The picnic at the Castello San Salvatore in Portofino’s vicinity is a happy fairy tale. * Saint Salvatore suggests salvation for the four women, all suffering from emotional depression and finding friendship and renewal of love.
Mike Newell’s Enchanted April eliminates the definite article of Von Arnim’s novel The Enchanted April. Deciding von Arnim’s lack of a delightful picnic manner to leave Portofino, Newell invents one.
The picnic is one of the ongoing events illustrating the reversal of mood among the women and men who arrive at San Salvatore cranky and are about to leave happy. Under an awning, Lottie Wilkins, her husband Mellersh, Rose Arbuthnot, Caroline Dester, Mrs. Fisher, and Briggs, the villa’s owner, engage in pleasantries. George Briggs tells the tale of how an oleander branch “magically” grew into a tree: Well, my father…uh, many years ago. . . stuck his cherry-wood walking stick into. . . uh. . . that spot, and said to the head gardener,
“This is where we’ll have an oleander. “And he left it there as a reminder, and, uh, after a while, uh, quite how long nobody can be sure, it the stick began to sprout. And it was. . . an oleander.”
“Is that true?” asks Mellersh.
“It doesn’t matter,” replies Rose, “It’s such a pretty story.”
Mrs. Fisher sees herself in a new light: “I’ve been thinking. Isn’t it better to feel young somewhere than old everywhere? Time enough to feel old again when we have to leave this beautiful place.”
Relationships change for the better. When the picnickers leave the enchanted castello, “on the first of May, everybody went away, even after they had got to the bottom of the hill and passed through the iron gates out into the village, they still could smell the acacias.”
The cast: Joan Plowright as Mrs.

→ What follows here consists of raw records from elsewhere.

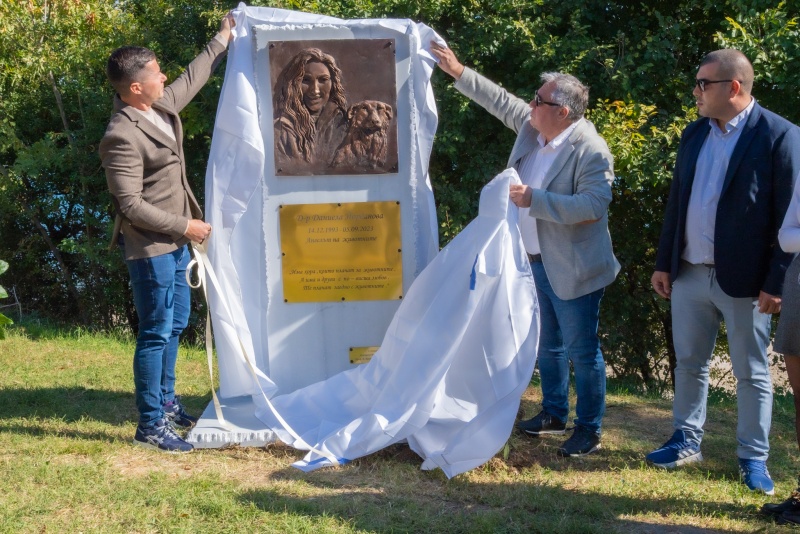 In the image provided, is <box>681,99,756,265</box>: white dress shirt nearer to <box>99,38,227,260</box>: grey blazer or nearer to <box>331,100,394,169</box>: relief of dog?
<box>331,100,394,169</box>: relief of dog

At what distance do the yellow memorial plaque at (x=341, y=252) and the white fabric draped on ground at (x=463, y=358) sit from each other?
0.42 m

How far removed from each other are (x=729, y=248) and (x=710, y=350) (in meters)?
0.58

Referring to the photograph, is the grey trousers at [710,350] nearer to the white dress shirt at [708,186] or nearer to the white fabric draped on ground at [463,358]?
the white dress shirt at [708,186]

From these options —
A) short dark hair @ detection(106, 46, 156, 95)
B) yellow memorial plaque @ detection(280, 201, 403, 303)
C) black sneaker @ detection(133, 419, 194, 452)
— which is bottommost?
black sneaker @ detection(133, 419, 194, 452)

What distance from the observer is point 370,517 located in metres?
3.51

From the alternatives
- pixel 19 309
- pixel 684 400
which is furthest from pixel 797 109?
pixel 19 309

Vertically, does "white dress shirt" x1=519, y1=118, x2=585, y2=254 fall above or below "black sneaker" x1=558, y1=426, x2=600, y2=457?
above

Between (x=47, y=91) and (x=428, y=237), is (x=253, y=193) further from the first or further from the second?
(x=47, y=91)

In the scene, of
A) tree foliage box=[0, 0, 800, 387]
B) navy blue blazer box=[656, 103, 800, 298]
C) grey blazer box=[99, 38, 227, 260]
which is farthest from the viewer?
tree foliage box=[0, 0, 800, 387]

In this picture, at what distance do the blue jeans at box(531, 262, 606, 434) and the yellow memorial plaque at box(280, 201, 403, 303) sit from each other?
78cm

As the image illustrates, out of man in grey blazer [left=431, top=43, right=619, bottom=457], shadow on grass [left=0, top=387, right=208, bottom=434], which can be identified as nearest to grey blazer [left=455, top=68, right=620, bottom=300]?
man in grey blazer [left=431, top=43, right=619, bottom=457]

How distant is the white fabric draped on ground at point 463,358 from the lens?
157 inches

Fisher; Michael Kitchen as George Briggs; Alfred Molina as Mellersh Wilkins; Josie Lawrence as Lottie Wilkins; Miranda Richardson as Rose Arbuthnot; Polly Walker as Caroline Dester; Jim Broadbent as Frederick Arbuthnot.

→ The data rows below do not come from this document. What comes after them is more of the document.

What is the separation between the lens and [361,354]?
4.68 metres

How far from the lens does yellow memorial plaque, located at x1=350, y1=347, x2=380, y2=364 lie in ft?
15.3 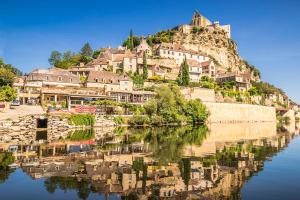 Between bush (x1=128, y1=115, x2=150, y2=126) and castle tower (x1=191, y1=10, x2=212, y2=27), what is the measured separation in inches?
2952

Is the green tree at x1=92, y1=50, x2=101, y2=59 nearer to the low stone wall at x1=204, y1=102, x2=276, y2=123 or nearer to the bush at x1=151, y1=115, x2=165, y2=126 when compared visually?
the low stone wall at x1=204, y1=102, x2=276, y2=123

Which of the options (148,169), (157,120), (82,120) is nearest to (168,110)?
(157,120)

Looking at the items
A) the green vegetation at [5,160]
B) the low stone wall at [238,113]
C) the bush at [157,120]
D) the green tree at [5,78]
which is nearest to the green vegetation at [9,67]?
the green tree at [5,78]

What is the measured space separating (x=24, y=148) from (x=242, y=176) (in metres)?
17.9

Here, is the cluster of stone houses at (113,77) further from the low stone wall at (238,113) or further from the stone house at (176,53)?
the low stone wall at (238,113)

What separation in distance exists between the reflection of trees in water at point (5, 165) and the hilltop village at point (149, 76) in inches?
1100

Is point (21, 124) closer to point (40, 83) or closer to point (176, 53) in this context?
point (40, 83)

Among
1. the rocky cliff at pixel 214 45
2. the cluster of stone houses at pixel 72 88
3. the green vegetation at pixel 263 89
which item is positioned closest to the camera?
the cluster of stone houses at pixel 72 88

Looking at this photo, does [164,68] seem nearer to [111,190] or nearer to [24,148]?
[24,148]

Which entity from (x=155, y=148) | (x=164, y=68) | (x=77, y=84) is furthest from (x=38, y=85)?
(x=155, y=148)

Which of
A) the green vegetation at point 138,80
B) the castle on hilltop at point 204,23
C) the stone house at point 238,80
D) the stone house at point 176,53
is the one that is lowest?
the green vegetation at point 138,80

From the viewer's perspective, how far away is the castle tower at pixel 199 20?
123 m

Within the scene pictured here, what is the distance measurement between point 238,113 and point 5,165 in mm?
66277

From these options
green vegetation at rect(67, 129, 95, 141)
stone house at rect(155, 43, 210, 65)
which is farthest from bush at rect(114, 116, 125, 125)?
stone house at rect(155, 43, 210, 65)
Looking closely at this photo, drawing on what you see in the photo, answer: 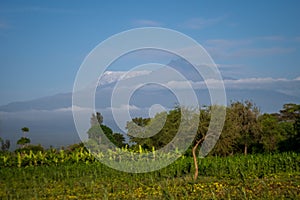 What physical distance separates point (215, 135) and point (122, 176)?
4309 millimetres

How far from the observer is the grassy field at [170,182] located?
10375mm

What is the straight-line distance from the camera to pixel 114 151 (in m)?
22.1

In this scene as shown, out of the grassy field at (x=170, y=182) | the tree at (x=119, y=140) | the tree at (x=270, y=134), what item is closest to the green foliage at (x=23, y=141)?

*For authenticity, he filmed on location at Castello Brown, the villa where Von Arnim wrote the novel.
See Mike Newell. ˆ (1992). The screenplay is by Peter Barnes; Harry Beaumont. Enchanted April (1935). The screenplay is by Samuel Hoffenstein and Ray Harris and is based on Elizabeth von Arnim’s novel and play by Kane Campbell (1925), Elizabeth Von Arnim. The Enchanted April. New York: Doubleday, 1923. Neither Campbell’s nor Matthew Barber’s 2003 stage version has picnic scenes.